* WHAT TO DO *
Every line from the one containing "LC UPC 12 Fiber" to the one containing "海洋塑膠雪花的形成和傳輸" in the records below, both included, must be set down exactly, and no other line.

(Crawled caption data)
______

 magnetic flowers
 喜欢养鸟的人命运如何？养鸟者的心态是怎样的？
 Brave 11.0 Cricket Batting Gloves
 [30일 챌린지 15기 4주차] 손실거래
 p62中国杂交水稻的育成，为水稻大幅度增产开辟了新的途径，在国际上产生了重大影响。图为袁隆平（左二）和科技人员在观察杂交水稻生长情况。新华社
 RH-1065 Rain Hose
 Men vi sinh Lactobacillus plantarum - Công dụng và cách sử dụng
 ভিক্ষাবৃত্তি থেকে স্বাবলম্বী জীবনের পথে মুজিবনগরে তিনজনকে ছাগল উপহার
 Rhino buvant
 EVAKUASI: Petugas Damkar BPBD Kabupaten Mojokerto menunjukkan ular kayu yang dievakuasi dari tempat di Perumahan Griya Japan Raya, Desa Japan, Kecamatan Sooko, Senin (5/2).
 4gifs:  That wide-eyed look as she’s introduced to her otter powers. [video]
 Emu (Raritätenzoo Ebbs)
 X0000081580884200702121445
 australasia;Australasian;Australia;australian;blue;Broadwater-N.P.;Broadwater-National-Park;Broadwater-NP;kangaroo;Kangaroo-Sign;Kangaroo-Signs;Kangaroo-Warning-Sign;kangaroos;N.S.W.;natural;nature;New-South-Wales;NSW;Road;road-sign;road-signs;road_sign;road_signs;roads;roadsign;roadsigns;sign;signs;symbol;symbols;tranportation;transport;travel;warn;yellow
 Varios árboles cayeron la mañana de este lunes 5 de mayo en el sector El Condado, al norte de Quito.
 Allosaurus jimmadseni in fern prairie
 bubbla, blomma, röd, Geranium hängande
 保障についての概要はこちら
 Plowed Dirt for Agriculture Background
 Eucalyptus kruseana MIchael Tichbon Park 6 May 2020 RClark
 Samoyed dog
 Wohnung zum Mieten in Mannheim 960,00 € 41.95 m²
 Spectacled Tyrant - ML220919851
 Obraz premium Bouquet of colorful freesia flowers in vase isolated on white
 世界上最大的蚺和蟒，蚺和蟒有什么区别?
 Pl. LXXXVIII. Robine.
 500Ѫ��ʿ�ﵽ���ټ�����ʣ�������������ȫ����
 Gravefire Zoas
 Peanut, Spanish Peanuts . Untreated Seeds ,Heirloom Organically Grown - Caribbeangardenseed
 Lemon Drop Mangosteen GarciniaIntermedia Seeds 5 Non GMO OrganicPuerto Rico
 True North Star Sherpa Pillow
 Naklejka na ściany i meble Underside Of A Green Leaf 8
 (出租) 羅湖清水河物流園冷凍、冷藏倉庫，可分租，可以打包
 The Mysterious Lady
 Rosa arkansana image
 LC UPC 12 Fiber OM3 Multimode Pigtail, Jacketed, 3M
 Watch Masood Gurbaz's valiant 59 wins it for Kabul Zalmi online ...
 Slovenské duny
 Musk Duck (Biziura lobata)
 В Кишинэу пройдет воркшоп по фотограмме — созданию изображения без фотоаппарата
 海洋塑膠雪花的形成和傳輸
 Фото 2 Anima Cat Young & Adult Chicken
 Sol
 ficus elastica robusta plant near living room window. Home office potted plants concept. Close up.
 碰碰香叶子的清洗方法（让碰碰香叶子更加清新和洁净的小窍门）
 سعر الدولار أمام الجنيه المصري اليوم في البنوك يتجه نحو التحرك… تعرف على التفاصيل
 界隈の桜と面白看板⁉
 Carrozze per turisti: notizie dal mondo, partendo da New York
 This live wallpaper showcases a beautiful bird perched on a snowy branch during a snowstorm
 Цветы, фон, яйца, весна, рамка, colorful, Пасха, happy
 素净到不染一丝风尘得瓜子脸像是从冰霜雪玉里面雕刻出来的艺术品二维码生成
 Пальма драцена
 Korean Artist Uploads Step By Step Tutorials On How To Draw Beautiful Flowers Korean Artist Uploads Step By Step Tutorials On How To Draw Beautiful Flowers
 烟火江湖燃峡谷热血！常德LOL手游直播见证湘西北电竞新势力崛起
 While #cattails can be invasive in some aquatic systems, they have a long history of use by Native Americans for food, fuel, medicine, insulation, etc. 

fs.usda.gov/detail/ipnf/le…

______

* REPLY *
 LC UPC 12 Fiber OM3 Multimode Pigtail, Jacketed, 3M
 Watch Masood Gurbaz's valiant 59 wins it for Kabul Zalmi online ...
 Slovenské duny
 Musk Duck (Biziura lobata)
 В Кишинэу пройдет воркшоп по фотограмме — созданию изображения без фотоаппарата
 海洋塑膠雪花的形成和傳輸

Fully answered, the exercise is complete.